A ‘magrela’ virou a companheira ideal de muitas pessoas no período crítico da pandemia. O ciclismo amador, que era visto. de início, apenas como uma alternativa para a prática de atividade física sem gerar aglomeração, passou a fazer parte da vida de um grande número de pessoas em Franca. Mesmo com a flexibilização das medidas contra a doença e o avanço da vacinação, é comum grupos se reunirem pelo menos duas vezes por semana para pedalar, dentro da cidade ou nas vias que circundam Franca.
Gabriel Marangoni, 48 anos, advogado, faz trilhas usando uma mountain bike. “A prática esportiva ao ar livre é recomendada por médicos, além do que estar em contato com a natureza, podendo contemplá-la, é algo que nos traz muita energia, sem falar das amizades formadas entre aqueles que pedalam”, garante. “O crescimento deste esporte vem ocorrendo há vários anos, mas em função da pandemia as pessoas se viram trancafiadas em suas casas e com isso viram neste esporte ao ar livre a possibilidade de se libertarem sem que houvesse um risco significativo de contágio, por isso, a meu ver, tivemos um crescimento vertiginoso do número de ciclistas”.
Os modelos de bikes variam tanto quanto os preços. As mais utilizadas atualmente custam em média R$ 1.800, para passeio no asfalto, e R$ 2.800, especiais para trilhas. Mas há bicicletas de alta performance, com tecnologia de ponta, e cujos preços podem facilmaente alcançar de R$ 30 mil a R$ 75 mil.

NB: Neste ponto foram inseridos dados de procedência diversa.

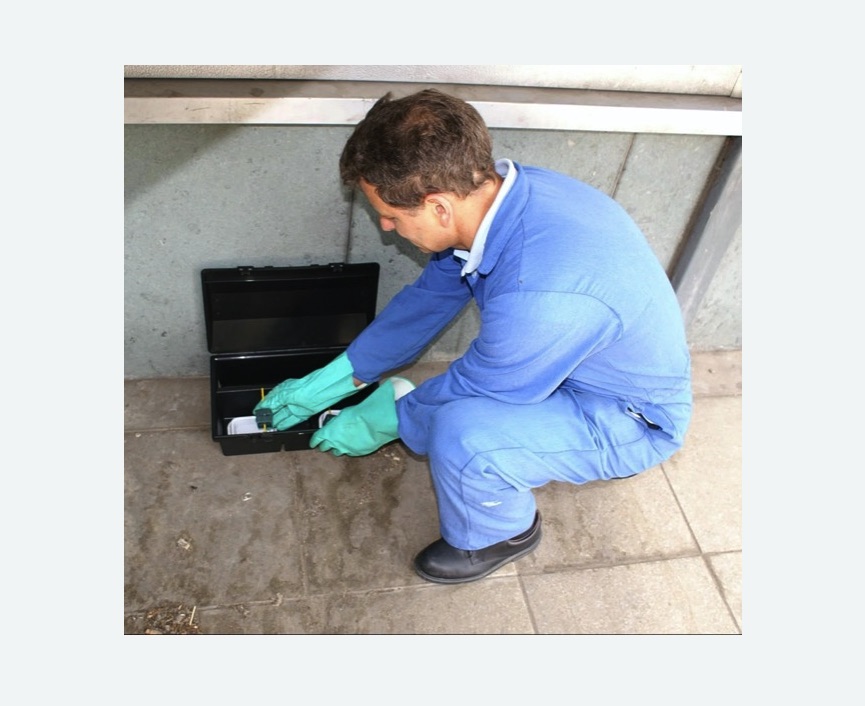 Дератизация помещения в Катайске Дератизация помещения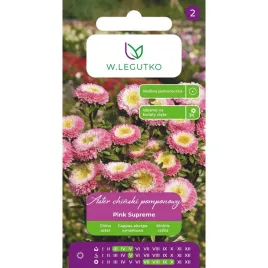 nasiona-aster-chinskipomponowy-pink-supreme-rozowy-z-bialym-srodkiem
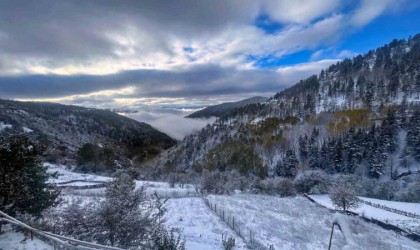 Gümüşhanede kar ve sis buluştu ortaya tablo gibi bir fotoğraf çıktı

O gerente de vendas Luís Carlos Becare da Rocha, 47 anos, disse que começou a praticar o esporte porque estava muito acima do peso, gostou e hoje leva a atividade a sério. Inclusive, no cuidado com sua bicicleta. “Não é um esporte barato para quem leva um pouco mais a sério e encara o ciclismo como treino. Para simplesmente pedalar pela cidade e parques não é tão caro, mas precisa de equipamentos básicos necessários”, disse. “Normalmente andamos em grupos para minimizar o risco de roubos. Em casa deixo dentro da residência para evitar furtos”.
Woshington Souza, 39 anos, professor no ensino médio, também é adepto dos passeios ciclísticos. Engajado, já percorreu o Caminho da Fé, de Franca a Aparecida do Norte, por três vezes. “Durante a pandemia, o pessoal passou a entender que é um esporte que trabalha também a cabeça, além da parte física. Muitas pessoas que passaram a praticar essa modalidade vão continuar, já que fizeram investimento em equipamentos, conheceram novas turmas, lugares bacanas, além do investimento na própria bicicleta”, disse o professor.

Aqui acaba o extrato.